Em submersão, não era capataz da vontade. Sentidos açambarcados pelo lenitivo da vontade, que era concurso dos sonhos empossados. Alguns evocavam o tempo fruído. Outros eram tangíveis ao tempo atual, parecendo a sua reprodução com um atraso de somenos importância. Outros atiravam o corpo para um palco turvo onde só havia trevas e vultos. Onde as linhas delimitativas dos corpos eram trémulas, parecendo decair em sombras voláteis a cada tentativa de aproximação. Falava-se um idioma desconhecido. E, todavia, compreendia os diálogos. Parecia discernir as linhas fluídas escondidas atrás das trevas. As águas frias da submersão não deixavam anestesiar os sentidos. Estavam de atalaia, por mais que estivesse apoderado do sono conducente aos sonhos bizarros.
A meio da submersão, um aperto na jugular devido a um sobressalto caucionado pelo sonho. Um interlúdio de lucidez, só para tirar as medidas às circunstâncias. Depressa voltou aos campos do onírico. Depressa o corpo foi atirado para as convulsões de outro sonho extravagante. Era como se fosse ator a pisar múltiplos palcos, palcos paralelos com portas que consentiam a comunicação entre eles. Em cada palco, luzes diferentes, paredes de cores diferentes, a configuração do palco desenhada por bissetrizes diferentes. Alguns, com gente. Num palco ele era o único habitante, convidado a um monólogo em que podia dizer o que o contentasse, sem o estigma dos outros com quem não contracenava.
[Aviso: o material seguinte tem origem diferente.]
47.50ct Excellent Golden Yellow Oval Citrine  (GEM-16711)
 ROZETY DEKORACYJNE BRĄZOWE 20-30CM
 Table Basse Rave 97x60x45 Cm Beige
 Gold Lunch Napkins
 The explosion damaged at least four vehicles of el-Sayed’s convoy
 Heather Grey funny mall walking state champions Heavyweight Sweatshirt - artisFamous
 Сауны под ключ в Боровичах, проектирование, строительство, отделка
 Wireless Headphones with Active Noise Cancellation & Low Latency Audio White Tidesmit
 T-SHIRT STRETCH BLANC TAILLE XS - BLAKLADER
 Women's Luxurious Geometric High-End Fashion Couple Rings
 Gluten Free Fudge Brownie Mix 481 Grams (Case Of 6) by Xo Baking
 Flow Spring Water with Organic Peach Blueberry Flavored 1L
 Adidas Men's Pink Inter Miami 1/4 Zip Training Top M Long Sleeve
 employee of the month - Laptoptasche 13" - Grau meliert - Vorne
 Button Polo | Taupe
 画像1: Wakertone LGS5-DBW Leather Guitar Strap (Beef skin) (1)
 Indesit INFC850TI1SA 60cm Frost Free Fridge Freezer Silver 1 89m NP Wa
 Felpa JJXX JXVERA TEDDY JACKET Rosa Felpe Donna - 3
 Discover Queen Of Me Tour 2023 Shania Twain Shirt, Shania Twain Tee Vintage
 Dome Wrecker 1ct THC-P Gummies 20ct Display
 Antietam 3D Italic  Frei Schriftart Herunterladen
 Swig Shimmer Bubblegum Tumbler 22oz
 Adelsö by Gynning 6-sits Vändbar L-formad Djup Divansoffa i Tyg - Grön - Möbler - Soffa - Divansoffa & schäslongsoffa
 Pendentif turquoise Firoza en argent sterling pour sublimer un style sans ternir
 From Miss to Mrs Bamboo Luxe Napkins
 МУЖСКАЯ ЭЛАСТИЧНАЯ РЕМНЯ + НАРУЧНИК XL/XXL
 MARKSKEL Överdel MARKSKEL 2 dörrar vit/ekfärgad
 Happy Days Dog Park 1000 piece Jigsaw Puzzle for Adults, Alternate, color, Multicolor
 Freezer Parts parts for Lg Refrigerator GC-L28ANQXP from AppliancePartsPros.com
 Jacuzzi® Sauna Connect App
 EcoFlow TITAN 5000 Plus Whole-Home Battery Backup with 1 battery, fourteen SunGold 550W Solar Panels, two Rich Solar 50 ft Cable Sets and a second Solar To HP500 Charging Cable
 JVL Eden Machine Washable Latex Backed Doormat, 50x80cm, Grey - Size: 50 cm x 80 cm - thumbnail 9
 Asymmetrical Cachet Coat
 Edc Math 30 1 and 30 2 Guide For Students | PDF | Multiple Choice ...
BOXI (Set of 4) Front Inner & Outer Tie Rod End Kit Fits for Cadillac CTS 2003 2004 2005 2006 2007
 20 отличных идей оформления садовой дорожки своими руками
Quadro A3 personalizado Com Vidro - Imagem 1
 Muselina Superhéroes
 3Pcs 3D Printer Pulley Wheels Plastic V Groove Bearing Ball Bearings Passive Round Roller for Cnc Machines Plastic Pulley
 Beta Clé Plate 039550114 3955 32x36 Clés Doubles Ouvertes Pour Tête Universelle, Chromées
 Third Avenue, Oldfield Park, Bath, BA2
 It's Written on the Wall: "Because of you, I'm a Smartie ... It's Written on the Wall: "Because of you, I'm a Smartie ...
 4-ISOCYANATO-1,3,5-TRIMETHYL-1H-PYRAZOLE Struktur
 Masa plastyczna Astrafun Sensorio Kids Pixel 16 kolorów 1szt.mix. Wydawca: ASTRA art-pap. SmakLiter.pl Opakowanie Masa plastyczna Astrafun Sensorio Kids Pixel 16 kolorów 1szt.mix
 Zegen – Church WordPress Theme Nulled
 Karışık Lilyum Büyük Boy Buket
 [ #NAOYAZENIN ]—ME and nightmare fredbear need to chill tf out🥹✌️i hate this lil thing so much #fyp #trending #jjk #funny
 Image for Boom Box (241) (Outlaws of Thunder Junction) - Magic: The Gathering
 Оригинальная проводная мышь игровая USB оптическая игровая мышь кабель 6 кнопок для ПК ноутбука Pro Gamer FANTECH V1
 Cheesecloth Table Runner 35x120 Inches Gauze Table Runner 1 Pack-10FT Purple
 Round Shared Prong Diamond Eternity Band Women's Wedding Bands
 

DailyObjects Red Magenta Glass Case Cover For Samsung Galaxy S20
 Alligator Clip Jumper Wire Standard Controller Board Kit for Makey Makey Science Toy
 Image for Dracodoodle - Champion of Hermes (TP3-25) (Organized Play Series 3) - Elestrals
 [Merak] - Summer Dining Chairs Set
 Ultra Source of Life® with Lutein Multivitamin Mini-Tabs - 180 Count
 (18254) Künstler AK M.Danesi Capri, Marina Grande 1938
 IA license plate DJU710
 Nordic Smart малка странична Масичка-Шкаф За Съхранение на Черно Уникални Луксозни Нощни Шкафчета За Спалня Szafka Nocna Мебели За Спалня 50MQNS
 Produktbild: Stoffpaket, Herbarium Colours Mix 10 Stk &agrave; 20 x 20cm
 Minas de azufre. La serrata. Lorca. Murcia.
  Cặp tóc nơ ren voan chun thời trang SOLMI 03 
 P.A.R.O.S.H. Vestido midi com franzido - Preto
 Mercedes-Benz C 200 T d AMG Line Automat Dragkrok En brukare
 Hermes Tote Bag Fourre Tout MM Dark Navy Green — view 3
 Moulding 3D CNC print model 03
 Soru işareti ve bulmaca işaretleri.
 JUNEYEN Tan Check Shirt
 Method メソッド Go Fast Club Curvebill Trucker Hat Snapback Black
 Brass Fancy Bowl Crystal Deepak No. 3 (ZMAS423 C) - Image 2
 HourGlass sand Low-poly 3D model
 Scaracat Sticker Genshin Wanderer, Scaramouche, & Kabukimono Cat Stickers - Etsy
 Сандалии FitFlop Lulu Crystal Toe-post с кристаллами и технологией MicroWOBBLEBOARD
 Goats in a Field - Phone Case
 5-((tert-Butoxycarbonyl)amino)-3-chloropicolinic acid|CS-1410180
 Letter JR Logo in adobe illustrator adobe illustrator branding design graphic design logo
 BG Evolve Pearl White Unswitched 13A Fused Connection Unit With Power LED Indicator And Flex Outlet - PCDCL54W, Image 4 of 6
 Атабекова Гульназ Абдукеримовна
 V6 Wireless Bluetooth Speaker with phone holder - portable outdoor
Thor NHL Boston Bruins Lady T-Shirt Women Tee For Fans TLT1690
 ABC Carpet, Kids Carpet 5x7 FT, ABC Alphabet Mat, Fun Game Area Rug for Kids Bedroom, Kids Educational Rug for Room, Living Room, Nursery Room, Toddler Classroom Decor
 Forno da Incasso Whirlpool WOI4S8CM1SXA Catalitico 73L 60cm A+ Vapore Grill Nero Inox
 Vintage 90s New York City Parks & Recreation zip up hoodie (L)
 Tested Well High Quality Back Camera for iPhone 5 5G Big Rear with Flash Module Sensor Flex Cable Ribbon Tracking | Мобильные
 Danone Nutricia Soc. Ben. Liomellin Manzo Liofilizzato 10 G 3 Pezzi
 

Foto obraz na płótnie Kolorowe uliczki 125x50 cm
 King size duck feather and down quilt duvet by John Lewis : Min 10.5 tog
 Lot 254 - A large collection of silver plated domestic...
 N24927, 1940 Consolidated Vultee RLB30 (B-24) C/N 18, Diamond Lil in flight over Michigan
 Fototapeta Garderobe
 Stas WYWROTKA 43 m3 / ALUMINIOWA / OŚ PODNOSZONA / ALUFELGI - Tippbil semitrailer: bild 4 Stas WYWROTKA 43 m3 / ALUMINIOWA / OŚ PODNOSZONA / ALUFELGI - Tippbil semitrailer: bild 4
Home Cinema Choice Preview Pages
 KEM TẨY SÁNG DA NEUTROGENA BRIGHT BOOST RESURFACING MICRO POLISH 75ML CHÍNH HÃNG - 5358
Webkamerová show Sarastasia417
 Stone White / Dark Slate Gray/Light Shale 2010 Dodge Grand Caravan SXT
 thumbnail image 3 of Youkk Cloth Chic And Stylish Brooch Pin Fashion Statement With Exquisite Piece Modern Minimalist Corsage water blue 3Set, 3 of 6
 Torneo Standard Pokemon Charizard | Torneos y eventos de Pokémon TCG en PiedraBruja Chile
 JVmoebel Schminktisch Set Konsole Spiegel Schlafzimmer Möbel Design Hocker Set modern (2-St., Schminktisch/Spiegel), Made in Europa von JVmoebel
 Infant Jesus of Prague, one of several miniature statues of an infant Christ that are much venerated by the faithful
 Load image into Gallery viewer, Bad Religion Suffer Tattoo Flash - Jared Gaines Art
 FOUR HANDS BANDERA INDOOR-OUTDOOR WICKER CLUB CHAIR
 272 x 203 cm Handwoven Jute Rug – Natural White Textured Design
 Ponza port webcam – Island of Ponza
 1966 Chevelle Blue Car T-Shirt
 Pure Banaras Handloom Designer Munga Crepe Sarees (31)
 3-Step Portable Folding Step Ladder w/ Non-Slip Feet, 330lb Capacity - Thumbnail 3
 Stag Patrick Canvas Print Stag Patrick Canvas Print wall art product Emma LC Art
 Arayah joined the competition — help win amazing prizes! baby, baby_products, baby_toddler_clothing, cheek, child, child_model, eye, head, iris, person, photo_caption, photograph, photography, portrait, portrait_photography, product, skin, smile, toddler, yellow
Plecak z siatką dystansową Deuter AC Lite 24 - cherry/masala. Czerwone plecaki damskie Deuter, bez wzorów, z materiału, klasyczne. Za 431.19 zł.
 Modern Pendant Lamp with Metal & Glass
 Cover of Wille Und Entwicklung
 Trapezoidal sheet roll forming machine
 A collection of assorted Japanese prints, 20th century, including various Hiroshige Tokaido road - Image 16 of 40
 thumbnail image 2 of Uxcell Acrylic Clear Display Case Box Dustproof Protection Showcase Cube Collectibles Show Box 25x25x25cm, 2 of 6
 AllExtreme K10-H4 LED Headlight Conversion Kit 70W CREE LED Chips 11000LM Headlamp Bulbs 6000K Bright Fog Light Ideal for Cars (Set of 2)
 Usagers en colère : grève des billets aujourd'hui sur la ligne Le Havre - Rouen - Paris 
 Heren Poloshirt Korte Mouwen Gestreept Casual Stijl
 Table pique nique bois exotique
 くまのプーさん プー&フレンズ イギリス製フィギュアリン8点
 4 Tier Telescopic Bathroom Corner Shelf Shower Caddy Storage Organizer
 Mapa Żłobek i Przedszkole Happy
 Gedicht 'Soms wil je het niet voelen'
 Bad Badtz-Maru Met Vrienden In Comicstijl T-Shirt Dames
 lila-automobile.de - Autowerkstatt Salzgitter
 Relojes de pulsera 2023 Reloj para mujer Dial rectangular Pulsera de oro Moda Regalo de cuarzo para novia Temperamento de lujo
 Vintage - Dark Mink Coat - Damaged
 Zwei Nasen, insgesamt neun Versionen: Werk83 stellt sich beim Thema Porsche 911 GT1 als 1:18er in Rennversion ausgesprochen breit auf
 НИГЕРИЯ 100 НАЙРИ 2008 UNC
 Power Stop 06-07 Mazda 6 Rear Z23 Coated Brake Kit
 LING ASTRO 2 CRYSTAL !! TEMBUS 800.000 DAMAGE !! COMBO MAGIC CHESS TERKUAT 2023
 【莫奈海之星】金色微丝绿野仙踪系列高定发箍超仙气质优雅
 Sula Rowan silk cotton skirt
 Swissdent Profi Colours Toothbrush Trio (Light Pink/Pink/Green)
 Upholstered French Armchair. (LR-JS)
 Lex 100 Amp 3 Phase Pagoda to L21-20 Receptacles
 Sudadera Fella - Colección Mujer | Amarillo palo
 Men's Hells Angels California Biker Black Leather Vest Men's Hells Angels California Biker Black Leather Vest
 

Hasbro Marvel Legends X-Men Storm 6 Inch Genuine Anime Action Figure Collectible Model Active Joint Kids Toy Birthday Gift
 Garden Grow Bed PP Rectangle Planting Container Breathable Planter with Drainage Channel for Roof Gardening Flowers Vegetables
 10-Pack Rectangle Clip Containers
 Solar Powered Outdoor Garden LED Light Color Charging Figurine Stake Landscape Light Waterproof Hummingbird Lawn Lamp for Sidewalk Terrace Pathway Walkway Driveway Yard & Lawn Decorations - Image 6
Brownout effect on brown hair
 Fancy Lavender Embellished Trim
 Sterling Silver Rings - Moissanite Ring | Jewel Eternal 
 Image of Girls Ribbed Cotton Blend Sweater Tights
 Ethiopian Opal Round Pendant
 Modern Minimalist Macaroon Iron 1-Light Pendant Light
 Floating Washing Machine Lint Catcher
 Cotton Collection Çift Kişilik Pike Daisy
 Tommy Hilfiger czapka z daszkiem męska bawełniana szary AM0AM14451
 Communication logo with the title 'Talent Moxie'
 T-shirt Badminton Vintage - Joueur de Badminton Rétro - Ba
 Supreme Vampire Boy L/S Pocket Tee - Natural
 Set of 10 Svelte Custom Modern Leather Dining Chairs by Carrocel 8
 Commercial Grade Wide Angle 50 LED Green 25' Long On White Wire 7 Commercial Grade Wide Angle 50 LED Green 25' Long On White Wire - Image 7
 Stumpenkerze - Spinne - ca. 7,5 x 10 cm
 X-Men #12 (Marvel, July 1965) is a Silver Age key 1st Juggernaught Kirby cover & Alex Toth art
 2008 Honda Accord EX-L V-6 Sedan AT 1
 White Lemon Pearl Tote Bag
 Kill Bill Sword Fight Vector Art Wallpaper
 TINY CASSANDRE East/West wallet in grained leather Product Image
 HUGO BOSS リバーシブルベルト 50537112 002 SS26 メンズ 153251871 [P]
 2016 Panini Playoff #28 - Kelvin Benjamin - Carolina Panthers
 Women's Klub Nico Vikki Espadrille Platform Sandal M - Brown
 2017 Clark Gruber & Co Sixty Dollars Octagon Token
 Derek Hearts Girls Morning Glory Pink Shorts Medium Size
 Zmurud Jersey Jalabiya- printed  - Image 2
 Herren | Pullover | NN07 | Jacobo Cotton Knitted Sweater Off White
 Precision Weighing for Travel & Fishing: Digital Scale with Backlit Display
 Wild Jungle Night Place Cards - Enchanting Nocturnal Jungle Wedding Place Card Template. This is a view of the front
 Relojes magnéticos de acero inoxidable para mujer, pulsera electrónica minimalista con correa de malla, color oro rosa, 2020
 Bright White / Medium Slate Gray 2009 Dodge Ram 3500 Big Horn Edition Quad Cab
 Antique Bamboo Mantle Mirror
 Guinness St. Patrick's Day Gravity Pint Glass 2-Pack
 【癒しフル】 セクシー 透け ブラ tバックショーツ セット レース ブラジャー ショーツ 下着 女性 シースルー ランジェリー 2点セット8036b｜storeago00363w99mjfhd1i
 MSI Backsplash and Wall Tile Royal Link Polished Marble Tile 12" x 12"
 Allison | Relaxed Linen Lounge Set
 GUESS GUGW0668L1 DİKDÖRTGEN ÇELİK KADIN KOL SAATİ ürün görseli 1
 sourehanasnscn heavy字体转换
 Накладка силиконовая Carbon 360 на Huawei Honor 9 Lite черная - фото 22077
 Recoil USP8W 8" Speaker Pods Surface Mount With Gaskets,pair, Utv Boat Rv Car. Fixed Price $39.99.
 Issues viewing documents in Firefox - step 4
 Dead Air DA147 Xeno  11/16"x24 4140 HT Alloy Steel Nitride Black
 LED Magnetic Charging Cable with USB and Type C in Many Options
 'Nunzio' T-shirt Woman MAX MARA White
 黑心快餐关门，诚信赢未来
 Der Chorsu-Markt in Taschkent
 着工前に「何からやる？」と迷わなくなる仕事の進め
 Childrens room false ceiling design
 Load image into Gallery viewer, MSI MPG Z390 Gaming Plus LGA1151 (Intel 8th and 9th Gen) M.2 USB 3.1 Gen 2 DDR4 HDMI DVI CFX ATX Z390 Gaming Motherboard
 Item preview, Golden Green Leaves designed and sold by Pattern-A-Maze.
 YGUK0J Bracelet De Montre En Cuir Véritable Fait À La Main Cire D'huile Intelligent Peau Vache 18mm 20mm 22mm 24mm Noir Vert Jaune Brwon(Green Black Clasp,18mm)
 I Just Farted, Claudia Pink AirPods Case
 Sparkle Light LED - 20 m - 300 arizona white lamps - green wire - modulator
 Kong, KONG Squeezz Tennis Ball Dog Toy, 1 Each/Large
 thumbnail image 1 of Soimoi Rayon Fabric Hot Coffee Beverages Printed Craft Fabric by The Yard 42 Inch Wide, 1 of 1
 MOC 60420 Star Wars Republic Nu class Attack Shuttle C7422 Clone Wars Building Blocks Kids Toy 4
Os palcos contavam diferentes circunstâncias. As ondas alteradas de um mar em modo tempestuoso, atirando o mar contra os paredões. Uma corrida de motas conduzidas por adolescentes estroinas. Uma ambulância a ir recolher feridos numa fábrica. A luta de classes – sempre a luta de classes, presente até para quem a nega (nem que seja mercê desse efeito). Um duplo arco-íris a deixar as pessoas extasiadas, algumas tirando fotografias à raridade. E, no fim do fio condutor dos sonhos, o resgate do estado de submersão. Os pés de novo em adesão ao chão quente. A admiração dos contrafortes da luz diametral, a cortar em madeixas o néon filtrado pela janela. E o mundo inteiro lá fora. Em reversão dos sonhos, talvez.